2.2. Dry convective boundary layer

This is the convective boundary layer scenario described by Sauer and Munoz-Esparza (2020). This case represents the boundary layer conditions at the SWiFT facility near Lubbock, Texas at 4 July 2012 during the period of 18Z-20Z (12:00–14:00 local time), the strongest period of convection on the day.

2.2.1. Input parameters

• Number of grid points: \([N_x,N_y,N_z]=[600,594,122]\)
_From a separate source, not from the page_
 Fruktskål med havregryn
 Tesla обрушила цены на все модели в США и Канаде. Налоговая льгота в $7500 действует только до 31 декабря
• Isotropic grid spacings in the horizontal directions: \([dx,dy]=[20,20]\) m, vertical grid is \(dz=20\) m at the surface and stretched with verticalDeformFactor \(=0.80\)

• Domain size: \([12.0 \times 11.9 \times 3.0]\) km

• Model time step: \(0.05\) s

• Geostrophic wind: \([U_g,V_g]=[9,0]\) m/s

• Advection scheme: Hybrid 5th order upwind

• Time scheme: 3rd-order Runge Kutta

• Latitude: \(33.5^{\circ}\) N

• Surface potential temperature: \(309\) K

• Potential temperature profile:

\[\begin{split}\partial{\theta}/\partial z = \begin{cases} 0 & \text{if $z$ $\le$ 600 m}\\ 0.004 & \text{if $z$ > 600 m} \end{cases}\end{split}\]
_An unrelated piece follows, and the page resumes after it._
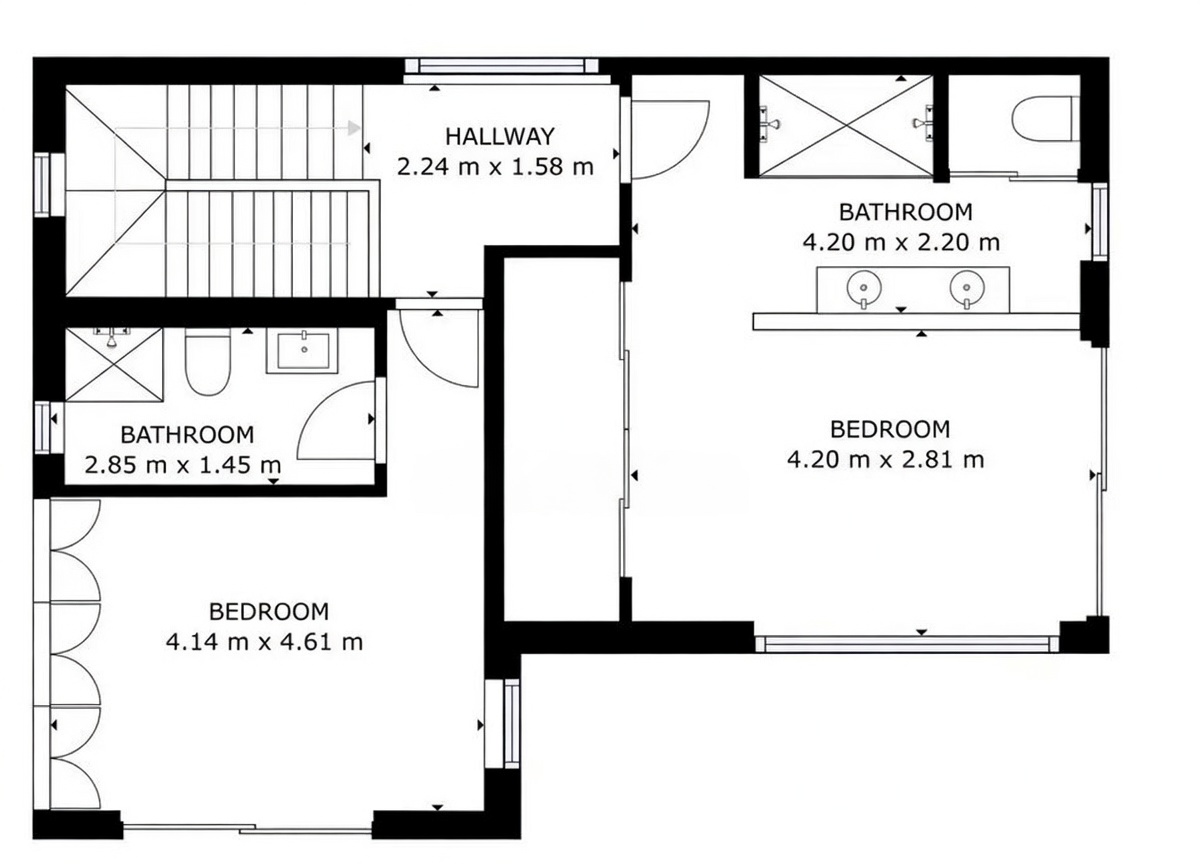 Plano de planta que detalla dos dormitorios, cada uno con baño en suite, un pasillo central y la escalera. Las dimensiones de cada espacio están claramente indicadas.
• Surface heat flux: \(0.35\) Km/s

• Surface roughness length: \(z_0=0.05\) m

• Rayleigh damping layer: uppermost \(400\) m of the domain

• Initial perturbations: \(\pm 0.25\) K

• Depth of perturbations: \(400\) m

• Top boundary condition: free slip

• Lateral boundary conditions: periodic

• Time period: \(4\) h

2.2.2. Execute FastEddy

1. Create a working directory to run the FastEddy tutorials and change to that directory.
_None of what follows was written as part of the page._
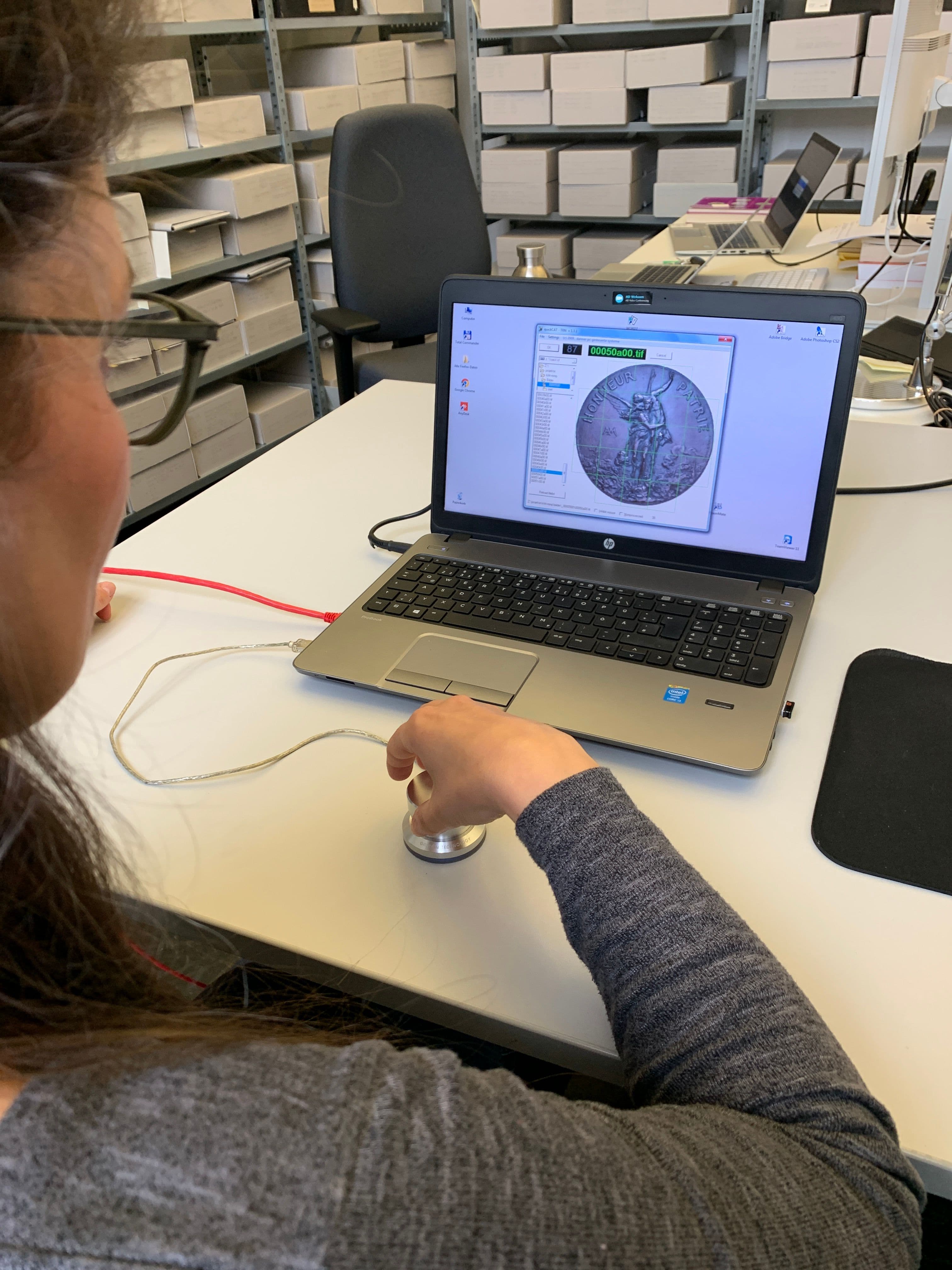 Digitale Erfassung und Fotografie der Kleinstreliefs.jpeg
2. Create a Example02_CBL subdirectory and change to that directory.

3. The FastEddy code will write its output to an output subdirectory. Create an output directory, if one does not already exist.

4. Run FastEddy using the input parameters file Example02_CBL.in located in the tutorials/examples/ subdirectory of the FastEddy repository.

See Build and Run for instructions on how to build and run FastEddy on NSF NCAR’s High Performance Computing machines.

2.2.3. Visualize the output

1. Open the Jupyter notebook entitled MAKE_FE_TUTORIAL_PLOTS.ipynb.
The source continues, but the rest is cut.